Malicious postmodernism. Petroleum jelly donut dunked in
elbow grease. You look better going than coming. You look like
death eating microwave popcorn. Now that I live alone, I’m
much less introspective. Now you sound more like yourself.

(from Sleeping with the Dictionary, 2002)


Eurydice

Can’t wait to be spring from shadow,
to be known from a hole in the ground.
Scarcely silent though often unheard.
Winding, wound. Wounded wind.
She turned, and turns. She opens.
Keep the keys, that devil told her.
Guess the question. Dream the answer.
Tore down almost level.
A silence hardly likely.
Juicy voices. Pour them on.
Music sways her, she concedes,
as darker she goes deeper.


(from Sleeping with the Dictionary, 2002)


Sleeping with the Dictionary

I beg to dicker with my silver-tongued companion, whose lips are ready
to read my shining gloss. A versatile partner, conversant and well-versed
in the verbal art, the dictionary is not averse to the solitary habits of the
curiously wide-awake reader. In the dark night’s insomnia, the book is
a stimulating sedative, awakening my tired imagination to the hypnagogic
trance of language. Retiring to the canopy of the bedroom, turning on the
beside light, taking the big dictionary to bed, clutching the unabridged
bulk, heavy with the weight of all the meanings between these covers,
smoothing the thin sheets, thick with accented syllables—all are exercises
in the conscious regimen of dreamers, who toss words on their tongues while
turning illuminated pages. To go through all these motions and procedures,
groping in the dark for an alluring word, is the poet’s nocturnal mission.
Aroused by myriad possibilities, we try out the most perverse positions
In the practice of our nightly act, the penetration of the denotative body of
the work. Any exist from the logic of language might be an entry in a
symptomatic dictionary. The alphabetical order of this ample block of
knowledge might render a dense lexicon of lucid hallucinations. Beside
the bed, a pad lies open to record the meandering of migratory words.
In the rapid eye movement of the poet’s night vision, this dictum can
be decoded, like the secret acrostic of a lover’s name.


(from Sleeping with the Dictionary, 2002)

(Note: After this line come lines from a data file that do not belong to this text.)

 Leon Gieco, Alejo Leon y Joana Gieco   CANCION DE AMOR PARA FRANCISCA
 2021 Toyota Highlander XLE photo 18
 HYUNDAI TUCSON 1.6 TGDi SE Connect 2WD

Wipe that Simile Off Your Aphasia

as horses as for
as purple as we go
as heartbeat as if
as silverware as it were
as onion as I can
as cherries as feared
as combustion as want
as dog collar as expected
as oboes as anyone
as umbrella as catch can
as penmanship as it gets
as narcosis as could be
as hit parade as all that
as icebox as far as I know
as fax machine as one can imagine
as cyclones as hoped
as dictionary as you like
as shadow as promised
as drinking fountain as well
as grassfire as myself
as mirror as is
as never as this


(from Sleeping with the Dictionary, 2002)


____
PERMISSIONS

from Trimmings
Reprinted from Trimmings (New York: Tender Buttons, 1991). Copyright ©1991 by Harryette Mullen. Reprinted by permission of the author.

from S*PeRM**K*T
Reprinted from S*PeRM**K*T (Philadelphia: Singing Horse Press, 1993). Copyright ©1992 by Harryette Mulle, Reprinted by permission of the author.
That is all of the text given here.